- Abbreviation: UCI(m-l)
- General Secretaries: Aldo Brandirali
- Founded: 1968 (as Union of Italian Communists (Marxist–Leninist)) 1972 (as Italian (Marxist–Leninist) Communist Party)
- Dissolved: 1978
- Newspaper: Servire il Popolo La Voce Operaia
- Youth wing: Union of Communist Youth in Service of the People
- Ideology: Communism Marxism–Leninism Maoism
- Colours: Red

= Italian (Marxist–Leninist) Communist Party =

Union of Italian Communists (Marxist–Leninist) (Unione dei Comunisti Italiani (marxisti-leninisti)) was a pro-Chinese communist group in Italy.
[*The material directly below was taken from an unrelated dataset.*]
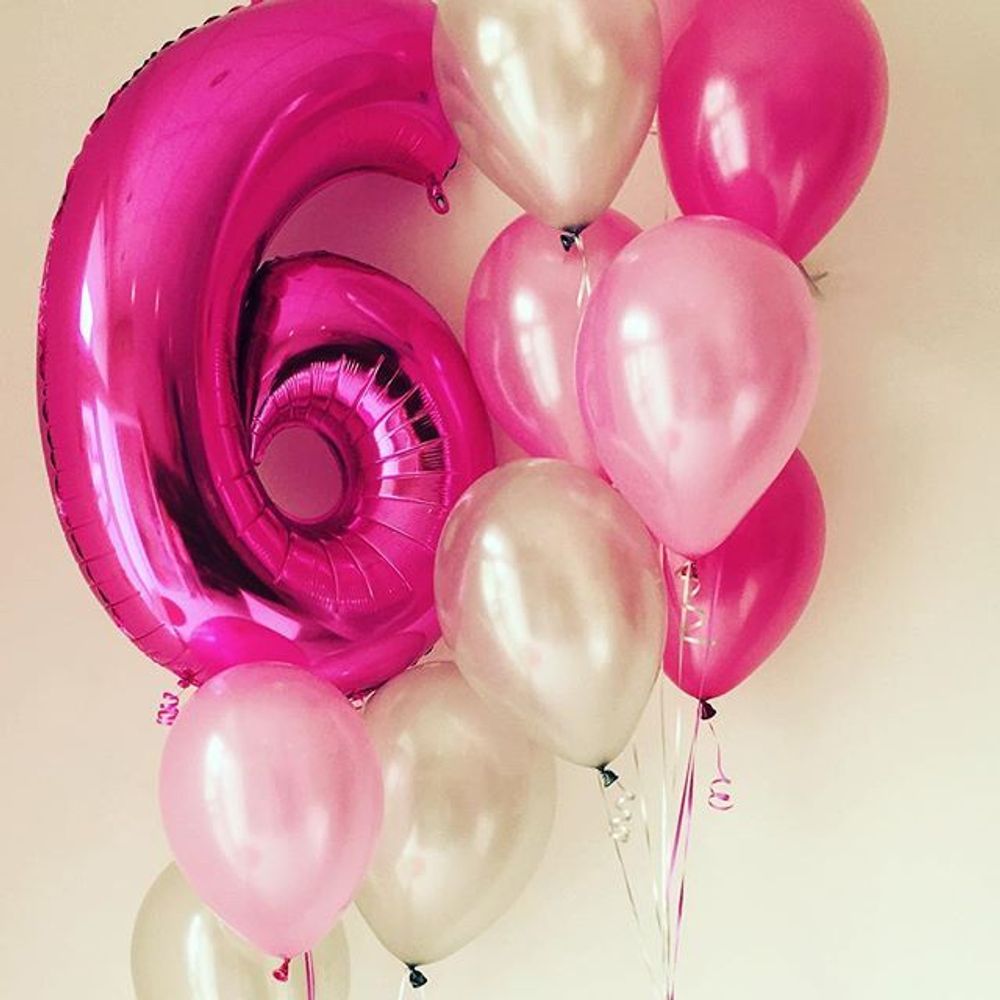 Шар (40''/102 см) Цифра, 6, Фуше, 1 шт. в уп.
The UCI (m-l) was founded in Rome on 4 October 1968. Its main organ was Servire il popolo. The main leaders of UCI (m-l) were Aldo Brandirali, Enzo Todeschini, Angelo Arvati and Enzo Lo Giudice.

After a schism at the end of 1970, the main group of the leaders moved from Rome to Milan.

On 15 April 1972 the UCI (m-l) was transformed into Italian (Marxist–Leninist) Communist Party (Partito Comunista (marxista-leninista) Italiano). With the appearance of the Leninist poet Francesco Leonetti in the party, the theoretical organ of PC (m-l)I became known as Che fare.

The PC(m-l)I had a front organization amongst Italians in West Germany, the Federazione Italiani Lavoratori Emigrati.

The PC(m-l)I was dissolved in 1978, and its remaining adherents largely became involved in Autonomia Operaia.

The youth wing of the organization was called: Union of Communist Youth in Service of the People.